Poor planning for the drier months, resulting in more of knee-jerk reactions when drought does bite further compounds the situation.
We rely on rainwater to fill our dams for basic consumption as well as a proportion of our electricity generation. In short the water levels go down and the water woes at the tap begin.
Images of lines of Jerry cans, assorted containers, and people going down deeper and deeper into the earth in search of the precious commodity become commonplace. On the other hand the irony of dry taps yet water gushing down to form large pools of stagnant water during the rainy season cannot be missed either.
Water browsers make a killing selling water, often marking up the price upwards of 7 times the original selling price. The situation currently facing Kenya reminds many of 2012 when the water levels in the dams were also very low and it necessitated water rationing and power shedding came soon after. Many Kenyans were at the brink of starvation, as is the situation now.
So what are the solutions?
On a personal level:
1. Do not misuse the water when it does come, I cannot tell you how much it pains to see people misusing water yet right next door they are staring at dry taps.
(2) Using the soapy water from your laundry (when you can do laundry) to scrub high traffic areas on the floors and to flush toilets.
(3) Keep a basin or bowl underneath your vegetables as you wash them, this water can then be used to water the potted plants.

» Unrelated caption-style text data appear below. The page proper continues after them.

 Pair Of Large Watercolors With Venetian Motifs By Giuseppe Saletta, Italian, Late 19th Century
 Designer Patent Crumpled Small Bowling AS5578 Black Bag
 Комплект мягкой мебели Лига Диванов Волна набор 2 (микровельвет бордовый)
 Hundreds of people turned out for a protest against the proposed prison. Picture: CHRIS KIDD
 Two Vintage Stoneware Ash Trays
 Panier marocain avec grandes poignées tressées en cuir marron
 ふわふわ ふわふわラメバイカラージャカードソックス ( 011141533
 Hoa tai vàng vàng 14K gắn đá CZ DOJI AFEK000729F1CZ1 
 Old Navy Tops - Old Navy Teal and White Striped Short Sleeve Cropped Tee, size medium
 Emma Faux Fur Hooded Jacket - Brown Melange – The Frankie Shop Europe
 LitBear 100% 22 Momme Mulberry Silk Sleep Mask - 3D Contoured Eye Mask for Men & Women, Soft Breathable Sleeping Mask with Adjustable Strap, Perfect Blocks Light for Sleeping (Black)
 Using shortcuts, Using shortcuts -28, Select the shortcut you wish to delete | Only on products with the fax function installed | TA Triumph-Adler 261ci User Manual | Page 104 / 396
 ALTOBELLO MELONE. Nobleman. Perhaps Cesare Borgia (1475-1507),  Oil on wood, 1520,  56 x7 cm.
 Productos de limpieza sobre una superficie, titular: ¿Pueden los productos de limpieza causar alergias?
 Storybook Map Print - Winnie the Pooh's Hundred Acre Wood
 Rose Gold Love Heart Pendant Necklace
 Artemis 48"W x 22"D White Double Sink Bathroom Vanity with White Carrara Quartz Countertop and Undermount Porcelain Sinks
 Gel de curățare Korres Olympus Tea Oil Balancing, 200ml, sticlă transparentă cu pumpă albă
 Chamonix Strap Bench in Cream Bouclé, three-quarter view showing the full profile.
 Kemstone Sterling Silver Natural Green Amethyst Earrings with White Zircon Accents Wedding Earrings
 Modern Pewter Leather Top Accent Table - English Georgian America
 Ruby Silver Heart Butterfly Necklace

(4) If you can have a shower, as there is actually still water in your tank, have a quick shower and keep a bucket or basin under the shower head. This will collect the water that comes out first. Since it will be warm you can use the water to soak certain items of clothing that have stubborn stains that require warm or hot water to come out. Good examples are egg stains, gum stains and lotion stains.
(5) If your county does not allow rainwater-harvesting push for the legislation of rainwater harvesting. There are many apartment blocks in the city centers that already have the gutters that if allowed could just be connected to large water storage containers.
At the community level we can:
(1) Build more reservoirs in villages and other areas that get heavy seasonal downpours. This does not have to be extremely expensive as many villages already do this by digging deep holes and sandbagging them. If they can afford to do so they will use cement instead to create the perimeter. When it rains the water fills up and covered to reduce evaporation. It is not a long-term solution by any means especially if the rains fail but this blogger is quite sure that the same basic principle can be used and modified slightly to make it a longer-term solution .
(2) Consider desalination and then pump the water to households. Many places such as Israel and U.A.E have used desalination to great success. Yet in Kenya many communities that live in coastal towns particularly face acute water woes.
Above: Infograph 1
(3) Consider recycling the water to some point. In Singapore’s capital city has implemented an extensive system of recycling some of the water from the taps and is pumped back into homes.